In 1829 Ethan Allen Crawford trapped 75 "sable" on the rugged rim of the White Mountain Notch that bears his name. Subsequently, logging operations reached back into the habitat of the marten and liquidated the most valuable fur-bearer that ever roamed the uplands of New England.
Whether the disappearance of this once common animal was caused by the clearing of the virgin spruce stands where the red squirrel, its principal prey, fed upon the prolific spruce seed or the activities of lumber jack-trappers is still an open question. But the combination proved too much for the marten to survive.
An enterprising woodsman, in the days when marten were not protected by law, could drill a two-inch hole into a spruce tree, stuff into the opening a dead squirrel, ring the hole with three nails so spaced that a marten could not withdraw its head, and thus catch himself a valuable pelt.
The marten, despite his prowess in other fields, was a "sucker" for that simple trap and his curiosity about dead squirrels stuffed into spruce trees eventually led to his extermination.

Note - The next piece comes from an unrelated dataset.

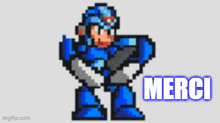 a pixel art of a robot holding a gun with the words merci written below it .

The marten is more vicious than the blood-thirsty weasel, faster in the tree-tops than the lively squirrel, and more valuable than the prized fisher. He is in a class of his own, as explained by Craig Thompson
Whether the marten can be reestablished in his former haunts will not be decided until his (and her) tracks show in the first snows of late fall. Even though this initial pair takes to the land, it will be some time before a marten population can be restored in the North Country.
Many years ago the deer was a rare animal in northern New Hampshire but he "came back" with the extermination of the wolf and legal protection provided by State law most of the year. More recently, the beaver, the fisher, and the moose have shown a remarkable capacity to thrive, if given half a chance. Perhaps the marten will follow the same pattern.
The Saturday Evening Post claims "sables are a Soviet monopoly." But the hope remains that this same animal, once common in northern New England, may some day be reestablished hereabouts—thanks to a timely assist from our cooperative neighbors in Ontario who have learned better than we how to perpetuate a fur harvest.